■ MATERIAL TO PROCESS

----

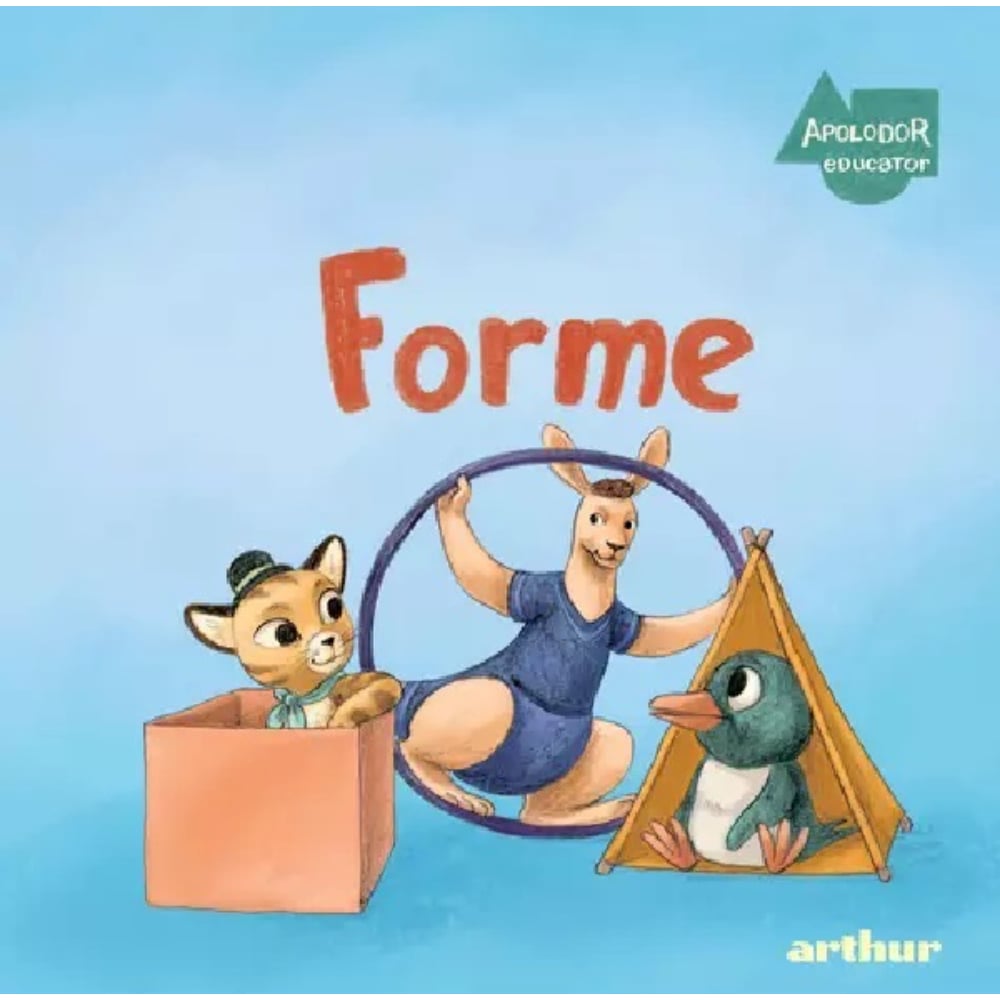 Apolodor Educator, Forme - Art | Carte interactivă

----

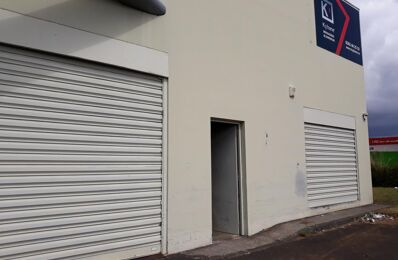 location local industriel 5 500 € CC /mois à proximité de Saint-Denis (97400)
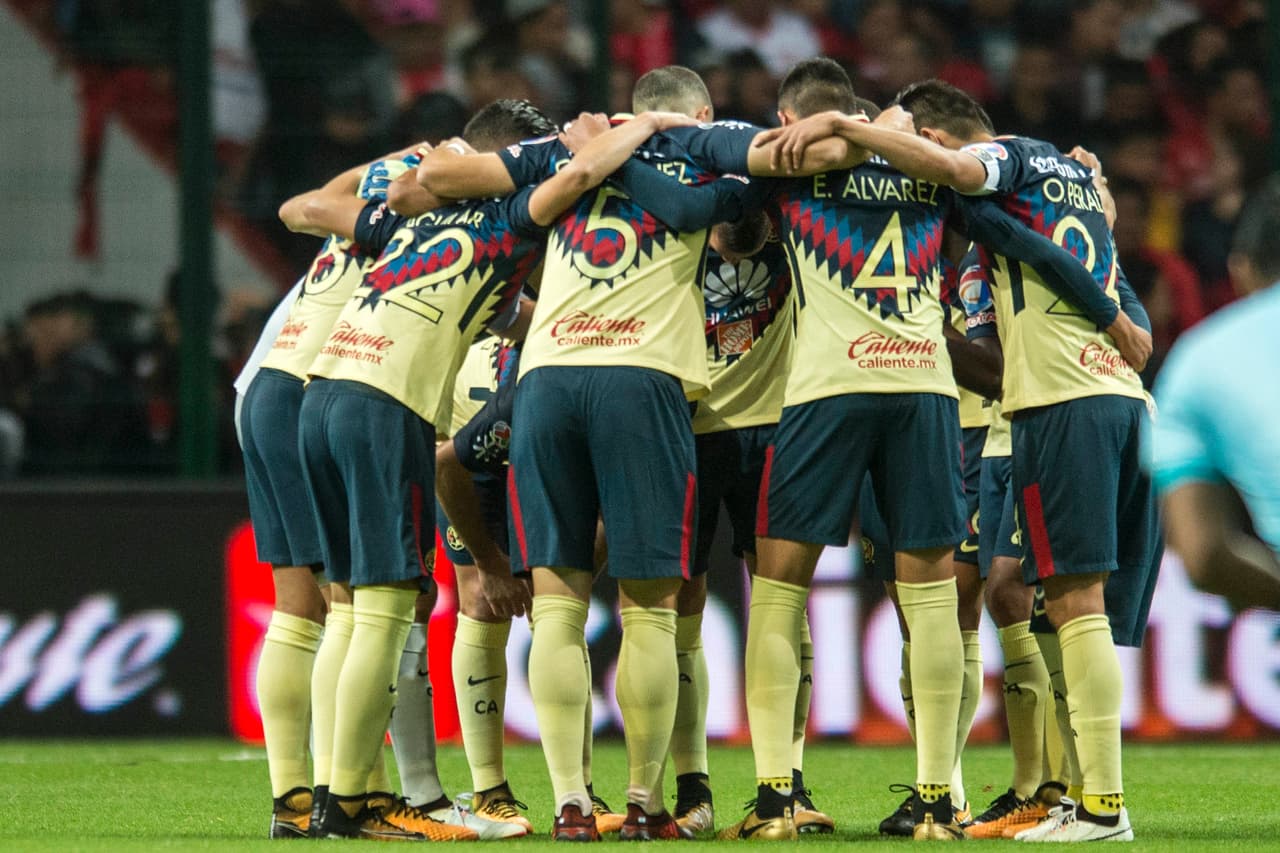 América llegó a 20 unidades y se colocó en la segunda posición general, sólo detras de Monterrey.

----

■ WHAT IS EXPECTED
The stretch to restate runs from the line above containing "location local industriel" through the line containing "América llegó a". Copy it word for word, ends included, without pictures.

■ YOUR SOLUTION
 location local industriel 5 500 € CC /mois à proximité de Saint-Denis (97400)
 América llegó a 20 unidades y se colocó en la segunda posición general, sólo detras de Monterrey.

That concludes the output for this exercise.